The main findings of the evaluation report are:
· There have been a number of improvements since Moneyval´s first report following the first on-site visit in November 2003. In 2004 a unified AML/CFT law was enacted at state level which replaced separate laws for the entities and Brčko District. This law is supplemented by the issuance of comprehensive guidance by the Minister of Security. The 2004 AML law was superseded, in June 2009, by another AML/CFT law, the Law on the Prevention of Money Laundering and Financing of Terrorist Activities. This new law has addressed a number of deficiencies in the old law, including the introduction of a risk based approach and an improvement in preventive measures .
· Money laundering and terrorist financing are criminalised at all levels of legislation. All the definitions are largely in accordance with Article 3 of the Vienna Convention and Article 6 of the Palermo Convention, yet their scopes still do not cover all the material elements as required. Furthermore, the criminalisation of terrorist financing does not cover the funding of terrorist organisations or individual terrorists. There have been a number of successful convictions for money laundering including conviction of legal persons.

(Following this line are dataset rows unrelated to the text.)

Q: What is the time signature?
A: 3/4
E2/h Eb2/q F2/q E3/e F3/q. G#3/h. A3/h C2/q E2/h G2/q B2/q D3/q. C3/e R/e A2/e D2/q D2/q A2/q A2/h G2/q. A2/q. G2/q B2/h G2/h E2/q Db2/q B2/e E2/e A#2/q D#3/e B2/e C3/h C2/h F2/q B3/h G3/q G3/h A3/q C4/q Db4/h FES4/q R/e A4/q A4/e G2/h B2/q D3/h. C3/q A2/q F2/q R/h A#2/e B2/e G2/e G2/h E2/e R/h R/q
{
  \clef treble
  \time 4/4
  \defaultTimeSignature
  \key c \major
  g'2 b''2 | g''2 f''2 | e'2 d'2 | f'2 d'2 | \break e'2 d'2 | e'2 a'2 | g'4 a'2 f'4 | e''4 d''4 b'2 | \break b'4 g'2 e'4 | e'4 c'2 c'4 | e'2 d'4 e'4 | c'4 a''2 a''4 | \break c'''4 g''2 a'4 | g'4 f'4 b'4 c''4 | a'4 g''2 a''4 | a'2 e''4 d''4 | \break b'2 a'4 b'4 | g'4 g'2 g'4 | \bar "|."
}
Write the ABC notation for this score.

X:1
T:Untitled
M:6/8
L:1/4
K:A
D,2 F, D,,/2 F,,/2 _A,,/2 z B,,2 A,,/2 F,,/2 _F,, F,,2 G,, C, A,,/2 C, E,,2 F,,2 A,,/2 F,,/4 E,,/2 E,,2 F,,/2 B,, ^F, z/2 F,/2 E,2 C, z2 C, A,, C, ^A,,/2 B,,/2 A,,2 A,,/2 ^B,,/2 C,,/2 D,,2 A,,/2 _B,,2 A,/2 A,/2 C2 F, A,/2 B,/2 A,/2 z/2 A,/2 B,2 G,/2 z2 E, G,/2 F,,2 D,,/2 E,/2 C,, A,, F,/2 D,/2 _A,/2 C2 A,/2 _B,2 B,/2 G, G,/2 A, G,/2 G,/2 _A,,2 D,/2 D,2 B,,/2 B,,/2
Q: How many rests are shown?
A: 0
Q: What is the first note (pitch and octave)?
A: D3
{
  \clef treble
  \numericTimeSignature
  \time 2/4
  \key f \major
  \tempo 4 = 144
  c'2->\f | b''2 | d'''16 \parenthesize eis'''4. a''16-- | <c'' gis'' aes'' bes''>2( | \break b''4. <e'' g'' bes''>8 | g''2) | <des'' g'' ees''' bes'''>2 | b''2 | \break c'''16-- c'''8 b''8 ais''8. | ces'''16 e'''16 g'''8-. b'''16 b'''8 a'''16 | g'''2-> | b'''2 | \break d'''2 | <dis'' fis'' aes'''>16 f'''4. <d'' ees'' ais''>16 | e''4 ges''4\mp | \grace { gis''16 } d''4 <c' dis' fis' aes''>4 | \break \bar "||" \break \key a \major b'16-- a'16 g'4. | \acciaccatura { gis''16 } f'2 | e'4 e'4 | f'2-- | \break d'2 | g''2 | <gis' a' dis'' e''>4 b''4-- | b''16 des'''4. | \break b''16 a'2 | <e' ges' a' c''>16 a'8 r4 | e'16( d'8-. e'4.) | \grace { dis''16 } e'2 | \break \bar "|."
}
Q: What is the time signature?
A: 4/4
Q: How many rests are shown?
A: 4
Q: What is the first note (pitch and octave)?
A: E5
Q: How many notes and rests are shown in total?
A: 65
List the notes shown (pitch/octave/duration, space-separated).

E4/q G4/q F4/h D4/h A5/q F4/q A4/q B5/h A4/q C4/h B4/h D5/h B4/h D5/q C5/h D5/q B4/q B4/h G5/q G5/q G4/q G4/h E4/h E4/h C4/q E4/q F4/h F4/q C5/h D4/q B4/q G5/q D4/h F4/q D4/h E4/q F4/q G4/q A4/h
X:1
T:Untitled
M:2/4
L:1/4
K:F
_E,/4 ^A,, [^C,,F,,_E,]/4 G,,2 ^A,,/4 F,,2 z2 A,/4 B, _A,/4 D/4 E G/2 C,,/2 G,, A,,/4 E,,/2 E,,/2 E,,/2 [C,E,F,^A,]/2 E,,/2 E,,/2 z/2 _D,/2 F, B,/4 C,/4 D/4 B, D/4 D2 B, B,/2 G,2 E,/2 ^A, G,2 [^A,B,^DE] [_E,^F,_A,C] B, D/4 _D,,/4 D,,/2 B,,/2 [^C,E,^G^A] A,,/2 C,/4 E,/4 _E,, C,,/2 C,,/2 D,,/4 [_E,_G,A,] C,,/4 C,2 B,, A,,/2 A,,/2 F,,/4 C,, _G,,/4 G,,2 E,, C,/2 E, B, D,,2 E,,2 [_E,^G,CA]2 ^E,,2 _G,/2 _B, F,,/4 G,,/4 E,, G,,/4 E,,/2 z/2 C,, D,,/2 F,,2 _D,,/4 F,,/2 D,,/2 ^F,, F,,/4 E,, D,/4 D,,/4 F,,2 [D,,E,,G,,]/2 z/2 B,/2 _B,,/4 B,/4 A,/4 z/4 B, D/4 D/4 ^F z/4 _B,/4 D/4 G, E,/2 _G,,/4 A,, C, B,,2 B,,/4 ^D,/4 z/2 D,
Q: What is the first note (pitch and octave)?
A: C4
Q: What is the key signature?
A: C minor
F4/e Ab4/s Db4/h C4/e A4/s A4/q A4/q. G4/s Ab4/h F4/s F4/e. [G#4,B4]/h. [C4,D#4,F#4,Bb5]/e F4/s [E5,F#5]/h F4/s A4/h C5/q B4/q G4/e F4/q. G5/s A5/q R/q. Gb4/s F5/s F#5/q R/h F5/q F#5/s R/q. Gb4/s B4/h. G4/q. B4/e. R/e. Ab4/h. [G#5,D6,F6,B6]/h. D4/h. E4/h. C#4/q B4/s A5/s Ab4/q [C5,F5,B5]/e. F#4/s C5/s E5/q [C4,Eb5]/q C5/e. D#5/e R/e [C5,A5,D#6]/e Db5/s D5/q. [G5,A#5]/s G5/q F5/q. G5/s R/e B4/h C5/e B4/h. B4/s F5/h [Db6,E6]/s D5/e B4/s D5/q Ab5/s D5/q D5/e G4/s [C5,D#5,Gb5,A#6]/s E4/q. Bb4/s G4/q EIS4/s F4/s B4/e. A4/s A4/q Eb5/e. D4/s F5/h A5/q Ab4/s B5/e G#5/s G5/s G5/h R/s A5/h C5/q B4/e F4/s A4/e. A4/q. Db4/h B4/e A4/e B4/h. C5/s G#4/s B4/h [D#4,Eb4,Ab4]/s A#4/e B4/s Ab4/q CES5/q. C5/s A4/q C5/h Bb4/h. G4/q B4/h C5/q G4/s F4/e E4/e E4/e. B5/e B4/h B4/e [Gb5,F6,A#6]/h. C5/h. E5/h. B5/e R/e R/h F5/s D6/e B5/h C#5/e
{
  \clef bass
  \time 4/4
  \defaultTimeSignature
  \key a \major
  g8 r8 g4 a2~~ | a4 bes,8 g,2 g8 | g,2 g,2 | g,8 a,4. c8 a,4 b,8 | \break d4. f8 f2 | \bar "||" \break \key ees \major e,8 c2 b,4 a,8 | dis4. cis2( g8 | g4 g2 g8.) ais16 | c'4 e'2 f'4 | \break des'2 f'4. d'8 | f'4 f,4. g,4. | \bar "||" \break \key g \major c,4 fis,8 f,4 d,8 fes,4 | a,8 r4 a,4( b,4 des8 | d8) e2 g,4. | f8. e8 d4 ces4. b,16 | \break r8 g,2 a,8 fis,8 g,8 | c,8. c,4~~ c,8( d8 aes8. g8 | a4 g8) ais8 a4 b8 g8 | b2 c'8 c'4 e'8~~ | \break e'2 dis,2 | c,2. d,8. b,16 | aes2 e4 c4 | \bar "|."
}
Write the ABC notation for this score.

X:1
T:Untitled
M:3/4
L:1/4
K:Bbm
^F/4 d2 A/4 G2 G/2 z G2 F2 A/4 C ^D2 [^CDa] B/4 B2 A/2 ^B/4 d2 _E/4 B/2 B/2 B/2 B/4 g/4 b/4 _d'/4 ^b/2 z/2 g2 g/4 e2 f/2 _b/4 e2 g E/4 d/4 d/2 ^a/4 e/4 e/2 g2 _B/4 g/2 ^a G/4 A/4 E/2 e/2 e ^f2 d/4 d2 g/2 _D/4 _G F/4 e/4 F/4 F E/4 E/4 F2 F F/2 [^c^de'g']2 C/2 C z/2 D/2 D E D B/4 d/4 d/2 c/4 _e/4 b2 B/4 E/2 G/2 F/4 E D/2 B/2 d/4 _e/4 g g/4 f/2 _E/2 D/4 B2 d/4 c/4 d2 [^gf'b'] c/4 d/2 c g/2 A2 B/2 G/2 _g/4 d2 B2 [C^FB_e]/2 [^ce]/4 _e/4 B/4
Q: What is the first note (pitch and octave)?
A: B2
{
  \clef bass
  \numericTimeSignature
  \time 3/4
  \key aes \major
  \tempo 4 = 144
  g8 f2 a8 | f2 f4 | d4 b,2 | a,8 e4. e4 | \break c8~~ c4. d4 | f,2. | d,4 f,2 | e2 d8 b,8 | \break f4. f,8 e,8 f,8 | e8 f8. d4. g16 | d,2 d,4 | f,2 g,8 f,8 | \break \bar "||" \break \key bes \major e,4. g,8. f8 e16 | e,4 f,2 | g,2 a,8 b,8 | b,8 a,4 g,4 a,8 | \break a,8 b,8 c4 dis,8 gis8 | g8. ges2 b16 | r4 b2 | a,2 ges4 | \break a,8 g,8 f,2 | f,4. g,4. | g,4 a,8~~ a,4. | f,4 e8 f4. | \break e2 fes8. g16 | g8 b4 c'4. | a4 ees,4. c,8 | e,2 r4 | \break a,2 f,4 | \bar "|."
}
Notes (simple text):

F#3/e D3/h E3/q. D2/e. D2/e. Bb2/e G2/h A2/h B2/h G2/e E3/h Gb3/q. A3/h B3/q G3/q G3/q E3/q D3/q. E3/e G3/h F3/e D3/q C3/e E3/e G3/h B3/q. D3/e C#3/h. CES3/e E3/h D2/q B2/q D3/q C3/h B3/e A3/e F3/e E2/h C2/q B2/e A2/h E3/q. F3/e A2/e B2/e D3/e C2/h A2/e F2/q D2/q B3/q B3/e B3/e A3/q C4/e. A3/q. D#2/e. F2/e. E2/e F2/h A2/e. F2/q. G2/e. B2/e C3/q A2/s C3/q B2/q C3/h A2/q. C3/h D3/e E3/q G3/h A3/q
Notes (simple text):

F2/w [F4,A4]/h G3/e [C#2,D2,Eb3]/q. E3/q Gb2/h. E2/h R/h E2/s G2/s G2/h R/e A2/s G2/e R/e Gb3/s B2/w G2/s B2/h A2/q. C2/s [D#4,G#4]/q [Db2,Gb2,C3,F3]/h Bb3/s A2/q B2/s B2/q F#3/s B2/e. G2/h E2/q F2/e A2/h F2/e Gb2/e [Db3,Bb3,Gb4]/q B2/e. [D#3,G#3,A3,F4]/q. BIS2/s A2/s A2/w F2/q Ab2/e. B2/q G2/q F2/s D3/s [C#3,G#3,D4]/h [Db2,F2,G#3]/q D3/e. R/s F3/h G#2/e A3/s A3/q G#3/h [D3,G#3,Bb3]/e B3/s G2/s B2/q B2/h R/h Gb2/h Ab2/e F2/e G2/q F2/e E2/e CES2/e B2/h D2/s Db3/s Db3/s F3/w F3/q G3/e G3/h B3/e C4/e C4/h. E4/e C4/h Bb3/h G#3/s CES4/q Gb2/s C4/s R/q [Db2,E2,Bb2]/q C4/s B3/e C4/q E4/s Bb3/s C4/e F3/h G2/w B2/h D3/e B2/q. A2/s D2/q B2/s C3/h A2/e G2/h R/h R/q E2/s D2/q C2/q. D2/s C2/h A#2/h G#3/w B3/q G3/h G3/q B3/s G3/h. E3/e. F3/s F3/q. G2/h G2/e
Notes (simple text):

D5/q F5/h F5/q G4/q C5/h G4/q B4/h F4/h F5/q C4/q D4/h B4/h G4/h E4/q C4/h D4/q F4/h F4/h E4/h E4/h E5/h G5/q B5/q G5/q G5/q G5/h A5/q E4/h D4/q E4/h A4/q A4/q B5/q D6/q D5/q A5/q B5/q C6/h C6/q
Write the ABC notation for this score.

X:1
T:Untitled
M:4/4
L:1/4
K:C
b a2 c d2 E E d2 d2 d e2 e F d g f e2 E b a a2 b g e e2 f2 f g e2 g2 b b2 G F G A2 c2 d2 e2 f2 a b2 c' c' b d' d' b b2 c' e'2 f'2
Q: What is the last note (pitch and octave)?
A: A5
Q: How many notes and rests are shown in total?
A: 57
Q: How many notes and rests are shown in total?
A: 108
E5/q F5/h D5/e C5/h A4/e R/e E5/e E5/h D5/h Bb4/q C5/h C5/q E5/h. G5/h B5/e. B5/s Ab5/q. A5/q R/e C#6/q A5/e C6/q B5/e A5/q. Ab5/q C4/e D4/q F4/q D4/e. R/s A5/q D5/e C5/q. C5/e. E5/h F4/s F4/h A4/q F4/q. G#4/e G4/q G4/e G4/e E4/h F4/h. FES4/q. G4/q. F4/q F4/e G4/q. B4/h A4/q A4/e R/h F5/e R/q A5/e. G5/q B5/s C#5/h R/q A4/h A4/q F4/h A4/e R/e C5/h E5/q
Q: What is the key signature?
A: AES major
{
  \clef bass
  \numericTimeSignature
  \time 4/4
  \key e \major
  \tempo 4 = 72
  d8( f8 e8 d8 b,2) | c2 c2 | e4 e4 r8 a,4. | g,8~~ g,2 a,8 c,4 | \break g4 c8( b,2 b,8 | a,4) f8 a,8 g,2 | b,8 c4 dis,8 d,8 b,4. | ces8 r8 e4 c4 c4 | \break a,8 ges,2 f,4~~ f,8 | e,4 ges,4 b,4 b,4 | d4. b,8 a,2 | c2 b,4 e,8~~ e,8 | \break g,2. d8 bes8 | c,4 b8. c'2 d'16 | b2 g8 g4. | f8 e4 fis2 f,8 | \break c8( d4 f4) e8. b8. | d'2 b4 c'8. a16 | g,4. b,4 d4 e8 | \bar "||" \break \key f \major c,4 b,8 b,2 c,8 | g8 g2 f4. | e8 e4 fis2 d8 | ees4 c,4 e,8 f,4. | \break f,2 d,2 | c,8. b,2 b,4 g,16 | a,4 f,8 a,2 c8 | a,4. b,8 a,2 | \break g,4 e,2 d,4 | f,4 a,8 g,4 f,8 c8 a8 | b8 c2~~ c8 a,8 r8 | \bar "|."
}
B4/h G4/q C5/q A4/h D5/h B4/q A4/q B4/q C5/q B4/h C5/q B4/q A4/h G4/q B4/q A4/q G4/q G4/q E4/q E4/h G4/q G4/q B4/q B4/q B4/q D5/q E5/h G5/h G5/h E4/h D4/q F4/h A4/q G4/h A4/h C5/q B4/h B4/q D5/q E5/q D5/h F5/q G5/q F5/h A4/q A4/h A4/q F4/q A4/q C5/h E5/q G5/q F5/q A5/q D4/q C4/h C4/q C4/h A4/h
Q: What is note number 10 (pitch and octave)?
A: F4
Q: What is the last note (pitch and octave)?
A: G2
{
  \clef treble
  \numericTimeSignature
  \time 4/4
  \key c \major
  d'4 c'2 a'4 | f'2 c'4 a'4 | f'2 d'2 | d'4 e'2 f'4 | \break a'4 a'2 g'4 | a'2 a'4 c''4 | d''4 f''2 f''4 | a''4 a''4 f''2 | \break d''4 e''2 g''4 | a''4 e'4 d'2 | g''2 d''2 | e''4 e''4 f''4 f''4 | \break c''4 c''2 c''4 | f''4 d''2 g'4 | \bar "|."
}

· The current legal framework applicable to confiscation and provisional measures seems rather complicated. There are parallel regimes both in terms of criminal substantive and procedural law. High evidential standards as applied by trial courts, the structure of the confiscation regime and the small number of confiscations (particularly at non-State level) and provisional measures being taken all give rise to concerns over the effectiveness of the regime. Furthermore, provisional measures are seldom, if ever, applied in the preliminary stage of criminal proceedings.
· There is not yet in place a comprehensive system for allowing all financial institutions to freeze without delay assets of persons and entities designated in the context of terrorism or financing of terrorism. The existing legal framework consists of parallel and overlapping regimes which are either incomplete or are designed for other purposes.
· The Financial Intelligence Department has been established, with operational independence, within the State Information and Protection Agency. It co-operates internationally as a member of the Egmont Group and shares information with its counterpart financial information units. The Financial Intelligence Department’s action appeared to be isolated from the general law enforcement effort due to restrictive interpretation of existing laws and other organisational issues. Its power to disseminate financial information to domestic authorities is limited by law.
· Financial institutions are required by law to file suspicious transaction reports (STR), including suspicions of financing of terrorism, regardless of the amount and the reporting requirement includes both attempted and performed transactions. There is, however, a low level of transactions reported by financial institutions. The only STRs received from obliged persons were from the banking sector with none received from the insurance and securities sectors or any Designated Non-Financial Businesses and Professions.
· Overall the banking and securities supervisors appeared to possess adequate powers to monitor and ensure compliance with AML/CFT requirements within their respective sectors. There is, however, a lack of adequate powers for supervisors in the insurance market.
· The framework for international judicial co-operation in money laundering and terrorist financing cases is generally comprehensive and offers all the necessary solutions for rapid and effective legal assistance. Furthermore, the arrangements for international judicial co-operation appear to be working in practice.
The report was adopted at MONEYVAL’s 31st Plenary meeting (Strasbourg 7-11 December 2009). MONEYVAL will follow-up implementation of the recommendations through its progress report procedure, under which all MONEYVAL countries are required to update the Committee on action taken on the mutual evaluation report one year after its adoption.